Summary generated with perplexity AI:    
https://www.perplexity.ai/search/you-are-a-teacher-in-grad-leve-vrp1AdYmQl6NaeCh7428Eg#0

#### Overview of TensorFlow
TensorFlow is an open-source library developed by Google for numerical computation and large-scale machine learning, particularly deep learning applications. It allows developers to build and train models using a comprehensive ecosystem of tools and libraries. TensorFlow supports various machine learning tasks, including image recognition, natural language processing, and more, by utilizing dataflow graphs where nodes represent mathematical operations and edges represent multidimensional data arrays called tensors136.
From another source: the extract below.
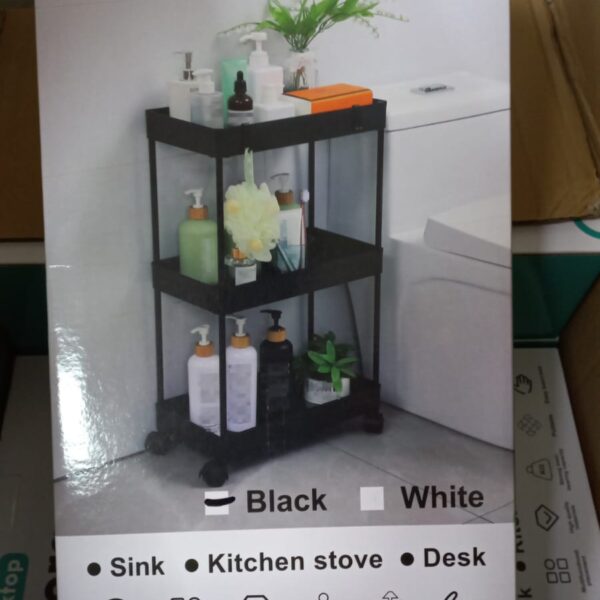 ESTANTE 3 NIVELES CON RUEDAS CODIGO 73033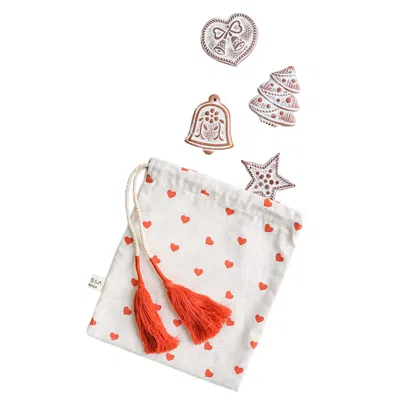 Korissa Handmade Sugar Saver Ornament - Holiday Gift Edition With Heart Pouch In White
#### Key Features of TensorFlow
* Dataflow Graphs: TensorFlow uses dataflow graphs to represent computations. This allows for efficient execution across different hardware platforms, including CPUs, GPUs, and TPUs34.
* High-Level APIs: TensorFlow provides high-level APIs that simplify model building and training, making it accessible even to those not deeply familiar with the underlying algorithms14.
* Cross-Platform Support: Models built with TensorFlow can be deployed on various platforms such as desktops, mobile devices, and cloud environments46.
* Abstraction: The library abstracts complex operations, allowing developers to focus on the logic of their applications without delving into the intricacies of algorithm implementation3.

##### Applications in Bioinformatics
TensorFlow's capabilities are particularly useful in bioinformatics for handling large datasets and complex models. Here are some ways it is applied in this field:
* Genomic Data Analysis: TensorFlow can process large genomic datasets to identify patterns and make predictions about genetic traits or disease predispositions.
* Protein Structure Prediction: Deep learning models built with TensorFlow can predict protein structures based on amino acid sequences, aiding in drug discovery and development.
* Medical Imaging: TensorFlow's image recognition capabilities are leveraged for analyzing medical images such as MRI or CT scans to detect anomalies or diseases.
* Natural Language Processing (NLP): In bioinformatics, NLP models can process scientific literature or patient records to extract meaningful information for research or clinical decision-making.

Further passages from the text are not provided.